THE TASK - Write out exactly what each line says, starting with the first line below and ending on the one with "KEYOOG Dashboard Cover".

RECORDS FOR THIS EXERCISE -
'''
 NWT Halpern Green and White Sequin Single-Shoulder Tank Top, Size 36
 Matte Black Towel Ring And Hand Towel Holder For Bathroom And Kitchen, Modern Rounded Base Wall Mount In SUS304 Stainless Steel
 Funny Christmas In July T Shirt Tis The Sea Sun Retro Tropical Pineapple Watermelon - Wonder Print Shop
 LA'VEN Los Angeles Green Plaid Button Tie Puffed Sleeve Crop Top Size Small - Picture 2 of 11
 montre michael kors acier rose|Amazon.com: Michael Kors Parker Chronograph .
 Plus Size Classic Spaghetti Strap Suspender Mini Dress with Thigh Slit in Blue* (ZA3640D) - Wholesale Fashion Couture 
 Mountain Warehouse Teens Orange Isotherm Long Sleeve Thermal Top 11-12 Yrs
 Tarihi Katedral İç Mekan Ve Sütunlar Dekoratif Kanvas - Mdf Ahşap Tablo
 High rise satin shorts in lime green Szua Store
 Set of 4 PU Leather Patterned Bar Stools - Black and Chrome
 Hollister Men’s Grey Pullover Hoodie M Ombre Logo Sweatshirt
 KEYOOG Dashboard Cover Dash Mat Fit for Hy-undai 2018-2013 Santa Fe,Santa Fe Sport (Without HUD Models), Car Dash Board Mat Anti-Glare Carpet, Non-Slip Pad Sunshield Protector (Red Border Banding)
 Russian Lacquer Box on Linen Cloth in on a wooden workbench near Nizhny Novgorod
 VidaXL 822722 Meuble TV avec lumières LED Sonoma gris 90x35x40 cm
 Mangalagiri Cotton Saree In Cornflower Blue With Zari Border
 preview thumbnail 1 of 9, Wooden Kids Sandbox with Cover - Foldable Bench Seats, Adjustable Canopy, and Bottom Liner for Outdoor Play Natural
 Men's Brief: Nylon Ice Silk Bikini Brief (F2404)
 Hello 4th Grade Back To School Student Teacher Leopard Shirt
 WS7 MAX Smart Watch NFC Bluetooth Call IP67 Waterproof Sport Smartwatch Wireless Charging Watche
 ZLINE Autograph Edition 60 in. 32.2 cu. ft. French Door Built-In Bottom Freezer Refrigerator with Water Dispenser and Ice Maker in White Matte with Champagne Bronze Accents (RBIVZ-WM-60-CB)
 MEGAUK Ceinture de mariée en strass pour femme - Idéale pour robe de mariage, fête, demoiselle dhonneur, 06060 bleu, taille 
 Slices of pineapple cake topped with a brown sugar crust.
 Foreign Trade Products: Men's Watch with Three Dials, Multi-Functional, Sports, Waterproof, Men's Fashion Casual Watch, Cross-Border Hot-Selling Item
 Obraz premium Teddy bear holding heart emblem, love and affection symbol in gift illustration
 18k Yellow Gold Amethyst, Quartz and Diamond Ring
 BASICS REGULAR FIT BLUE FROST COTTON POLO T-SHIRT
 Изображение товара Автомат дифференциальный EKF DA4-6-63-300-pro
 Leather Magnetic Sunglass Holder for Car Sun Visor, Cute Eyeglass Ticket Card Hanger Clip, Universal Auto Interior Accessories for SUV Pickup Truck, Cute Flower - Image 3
'''
RESPONSE -
 NWT Halpern Green and White Sequin Single-Shoulder Tank Top, Size 36
 Matte Black Towel Ring And Hand Towel Holder For Bathroom And Kitchen, Modern Rounded Base Wall Mount In SUS304 Stainless Steel
 Funny Christmas In July T Shirt Tis The Sea Sun Retro Tropical Pineapple Watermelon - Wonder Print Shop
 LA'VEN Los Angeles Green Plaid Button Tie Puffed Sleeve Crop Top Size Small - Picture 2 of 11
 montre michael kors acier rose|Amazon.com: Michael Kors Parker Chronograph .
 Plus Size Classic Spaghetti Strap Suspender Mini Dress with Thigh Slit in Blue* (ZA3640D) - Wholesale Fashion Couture 
 Mountain Warehouse Teens Orange Isotherm Long Sleeve Thermal Top 11-12 Yrs
 Tarihi Katedral İç Mekan Ve Sütunlar Dekoratif Kanvas - Mdf Ahşap Tablo
 High rise satin shorts in lime green Szua Store
 Set of 4 PU Leather Patterned Bar Stools - Black and Chrome
 Hollister Men’s Grey Pullover Hoodie M Ombre Logo Sweatshirt
 KEYOOG Dashboard Cover Dash Mat Fit for Hy-undai 2018-2013 Santa Fe,Santa Fe Sport (Without HUD Models), Car Dash Board Mat Anti-Glare Carpet, Non-Slip Pad Sunshield Protector (Red Border Banding)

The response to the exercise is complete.